Much fuss has been made over the "mistranslation" of Yudhoyono’s comments about Australia’s travel warning for Indonesia, after a substitute translator added the words "And I look forward to when the advisory would be lifted" to Yudhoyono’s statement that the security situation in Indonesia had improved.
Australian expats in Indonesia receive a steady stream of mildly hysterical emails from the Department of Foreign Affairs and Trade, warning that the department continues to "receive reports indicating that terrorists are planning attacks against a range of targets, including Western interests and places frequented by foreigners" and that anyone worrying for their safety should consider leaving. This despite no attacks since October 2004.
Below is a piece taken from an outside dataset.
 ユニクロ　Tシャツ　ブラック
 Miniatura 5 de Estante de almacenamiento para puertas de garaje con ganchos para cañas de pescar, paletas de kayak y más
But that warning is unlikely to be dropped any time soon, given that the same department allegedly ignored warnings from the FBI that al-Qaeda related groups were looking at "soft targets" in the area. They wouldn’t want to get caught out again.
Tourist numbers are up in Bali in any case. More likely to do damage to the number of Australians tanning and shopping in Bali in the next few years is the execution of the members of the Bali Nine who are on death row, should that come to pass. This is a topic that was not mentioned at the meeting.
So what did come up? Let’s see. The ASEAN Free Trade Agreement and an Asia Pacific bloc that will contain ASEAN and APEC, bringing more red-tape to Indonesia, a country that already has people who are employed purely to put stamps on documents.
A bilateral initiative to reduce deforestation. A nice idea, but inevitably the sort of thing that makes one wonder how it would ever get off the ground. Presumably Australia will discourage Indonesians from mowing down their forests to plant palm oil for biofuels and burning down the rest to plant crops? That Rudd and Yudhoyono signed an agreement is heartening, certainly, but the details will be telling.
One concrete promise was to invest $62 million over the next three years to encourage Australians to study Asian languages, and presumably not just Mandarin.
However, Rudd’s desire to have Australia become "the most Asia-literate country in the western world" was somewhat undermined by the fact that he apparently managed to arrive in Jakarta not just unaware that there is an increasingly nasty row brewing over religious freedom, and that the Ahmadiyah sect has been threatened with being banned, but that he arrived completely unaware of the existence of Ahmadiyah. This despite the drama dominating the Indonesian media for a month, and making it to the Australian newspapers.
The PM is presumably a busy man, but surely someone is in charge of writing country briefs for him to read before he arrives? Not least about a problem that should it reach its worst possible conclusion – the outright banning of the sect – will quite likely result in the arrival on our shores of refugees.
Rudd hopefully remembers how snotty the Indonesians got a few years ago when 45 Papuans were given refugee status on arriving on Cape York. One could reasonably expect the same response in this instance – proving that neighbours will always find something to argue about.